This isn't a good thing though. There is no credit to be given here - it
causes an over-reliance on oil prices, and any time there is a market crash,
they slash budgets. Pretty horrible.

"With their current approach to political leadership, it's hard to imagine
where the economic growth is going to come from to enable them to devote a lot
more resources to their non-military space industry."
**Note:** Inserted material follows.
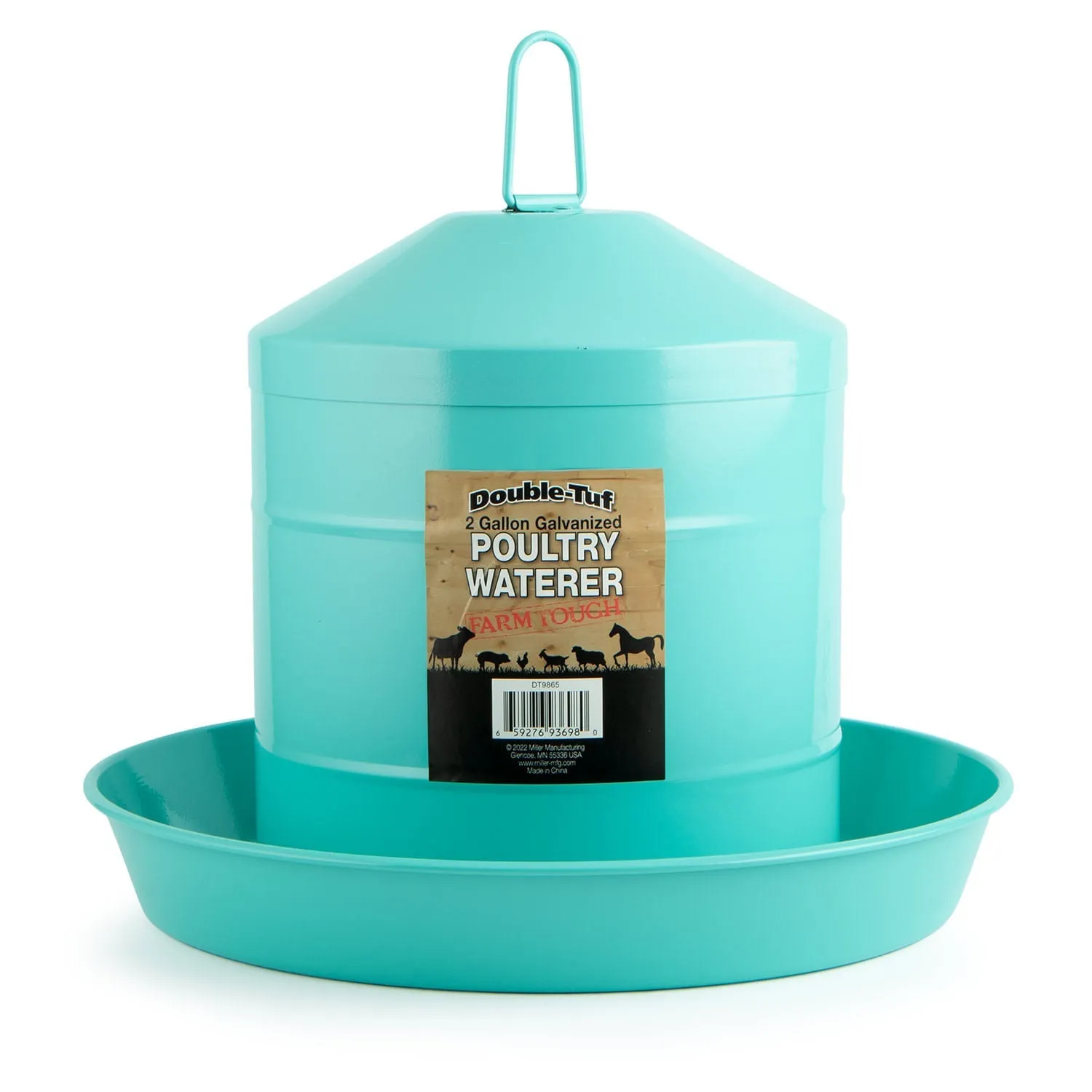 Double-Tuf 2 Gallon Poultry Fount, Seafoam Green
Yea, I actually think Putin did a good thing in cleaning up low level
corruption. But for some delusional reason I thought he would invest in
education, tech, and small business once he reduced some corruption at the low
level. That never happened. Pretty disappointing.

------
wallace_f
Korolev and von Braun are the most important pioneers of space flight. Korolev
was brutalized and nearly beaten to death (he could not even turn his head to
look to the side) in his stint in the gulags resulting from false accusations;
and meanwhile the American efforts, like the Vanguard program and others,
injected so much politics, beauracracy and corruption that we were actually
losing the space race until Kennedy put a literal nazi--who had been rotting
away with nothing to do in Texas--in charge of the Apollo program.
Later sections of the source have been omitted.